By Steve Bolton
…………In order to divide this segment of my amateur tutorial series on SQL Server Data Mining (SSDM) into digestible chunks, I deferred discussion of some functionality that can be implemented in custom algorithms. In the last installment I explained how to write custom data mining functions, which is a quite advanced but powerful feature of the plug-in architecture – even by the standards of SSDM, which is in turn perhaps the most underrated and least publicized component of SQL Server. This week we’ll be covering a few odds and ends that aren’t absolutely necessary to implement in a bare bones plug-in, yet are more commonly used than custom mining functions and not nearly as challenging. It is really quite easy to code custom mining model flags, for instance, whereas parameters for custom algorithms are only slightly more difficult. In order to kill two birds with the same stone, so to speak, we’ll also dispose of the topic of feature selection by implementing custom mining flags and parameters that control it.
…………Mining flags merely require a class-scoped declaration of the MiningModelingFlag object type, as well as the implementation of two optional methods in AlgorithmMetadataBase. The GetSupModelingFlags method merely returns an array of MiningModelingFlag objects, including such enumeration values as MiningModelingFlag.Binary, Invalid, NotNull and Regressor. Returning a value of MiningModelingFlag.Null apparently causes a value of “error” to be listed in the SUPPORTED_MINING_FLAGS column of the DMSCHEMA_MINING_SERVICES schema rowset, which is roughly the equivalent of a relational dynamic management view (DMV). This can be seen in the screenshot I posted of DMSCHEMA_MINING_SERVICES in A Rickety Stairway to SQL Server Data Mining, Part 14.2: Writing a Bare Bones Plugin Algorithm, which should be corrected by the code depicted in Figure 1. For whatever reason, returning values of MiningModelingFlag.CustomBase rather than references to the flags themselves invariably raised an exception, so be vigilant for this fine distinction when implementing your own flags.

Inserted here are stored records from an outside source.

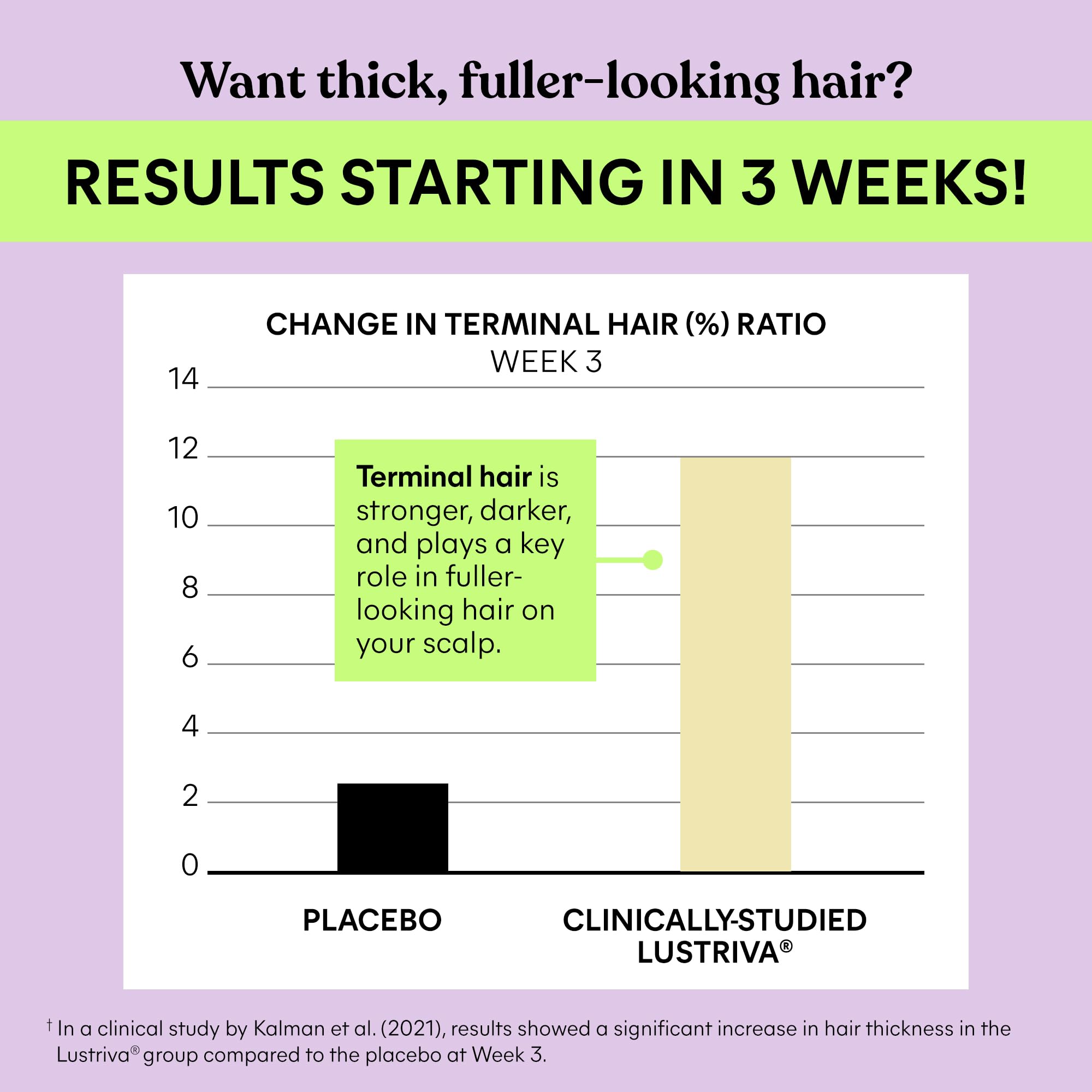 Lemme Grow Hair Growth Booster Soft Chews w Vitamins 30 Day - Lemme Official Imagery - 6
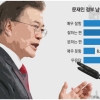 [단독] 국민 66.8% “對北 정책 긍정적”… 보수층 49.7% ‘부정적’
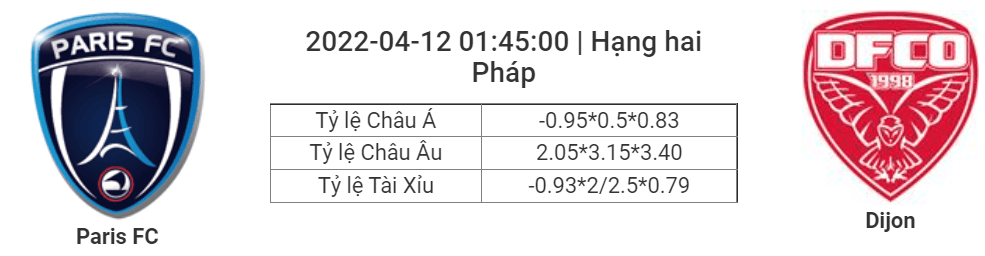 Soi kèo, dự đoán Paris vs Dijon, 01h45 ngày 12/4 - Hạng hai Pháp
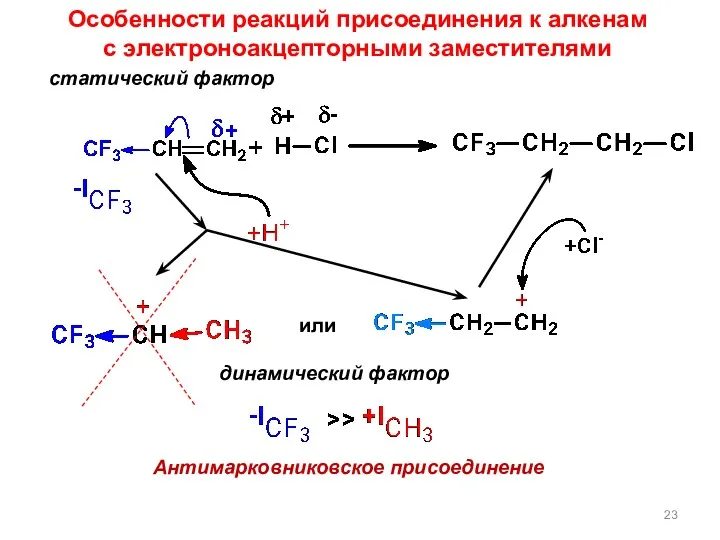 Особенности реакций присоединения к алкенам с электроноакцепторными заместителями статический фактор динамический фактор или Антимарковниковское присоединение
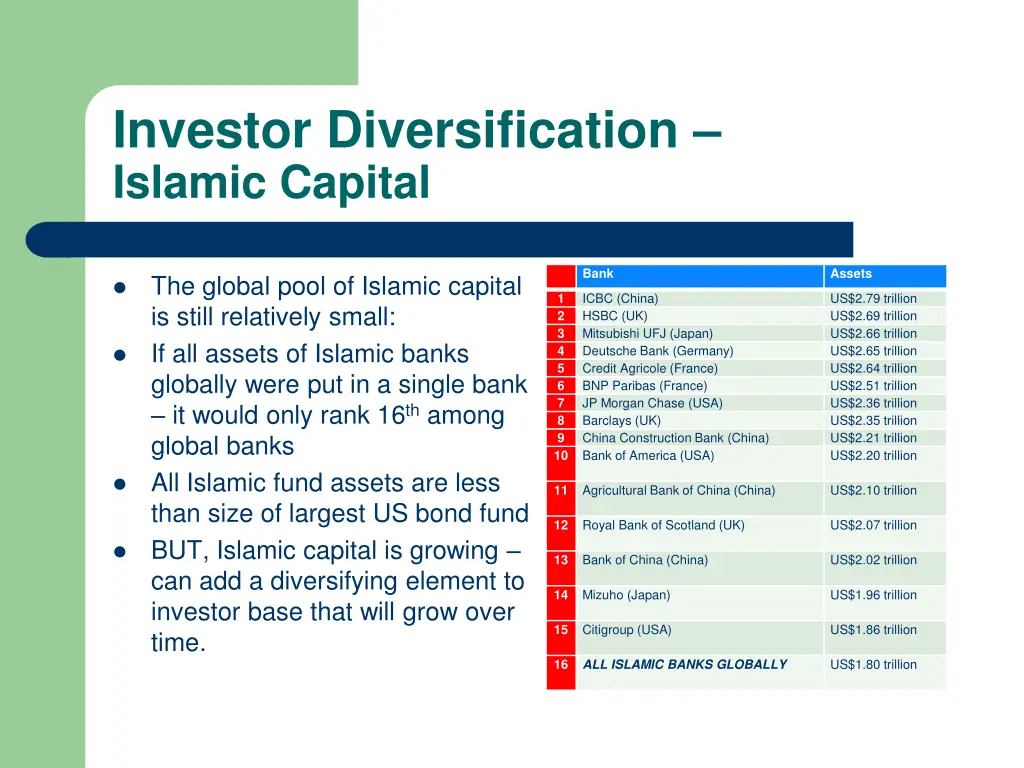 investor diversification islamic capital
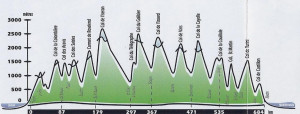 Route Des Grandes Alpes Cayolle1vignettejpg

Figure 1: Sample AlgorithmMetadataBase Class Code for Custom Mining Flags
Friend Shared MyCustomMiningFlag1 As MiningModelingFlag = MiningModelingFlag.CustomBase + 1
Friend Shared MyCustomMiningFlag2 As MiningModelingFlag = MiningModelingFlag.CustomBase + 2
Public Overrides Function GetSupModelingFlags() As MiningModelingFlag()
Dim TempMiningFlags As MiningModelingFlag() = New MiningModelingFlag() {MiningModelingFlag.Regressor, MyCustomMiningFlag1,MyCustomMiningFlag2}
Return TempMiningFlags
End Function
Public Overrides Function GetModelingFlagName(TempFlag As MiningModelingFlag) As String
Select TempFlag
Case MyCustomMiningFlag1
Return “MyCustomMiningFlag1″
Case MyCustomMiningFlag2
Return “MyCustomMiningFlag2″
Case Else
Throw New System.Exception(“Unknown modeling flag : “ & TempFlag.ToString())
End Select
End Function
…………I also corrected the declarations of the flags, which should have been Friend Shared in the original version. GetModelingFlagName merely returns string names associated with the flags, which is also trivial to implement. As noted in previous tutorials in this segment of the Rickety series, most of the code I’m providing initially came from the C# samples provided by Bogdan Crivat, one of the original SSDM programmers, in the plug-in software development kit (SDK). I converted it to Visual Basic .Net in part because it’s my favorite language and secondarily because the Internet is practically devoid of SSDM plug-in code written in VB; after that, I made so many changes that the original material is practically unrecognizable. One of the common changes I made was to use Select Cases rather than If statements in order to accommodate wider ranges of values in future projects, as I did in Get ModelingFlagName. After replacing these declarations and methods in sample code I posted for the AlgorithmMetadataBase class a while back, the SUPPORTED_MINING_FLAGS column of DMSCHEMA_MINING_SERVICES should now depict a value of “REGRESSOR, MyCustomMiningFlag1, MyCustomMiningFlag2” rather than “Error.” As you can see in Figure 2, SSDM capitalized the MiningModelingFlag.Regressor value I returned in GetSupModelingFlags – as it does with the other out-of-the-box flag types – but I didn’t stick to this convention when naming my custom flags.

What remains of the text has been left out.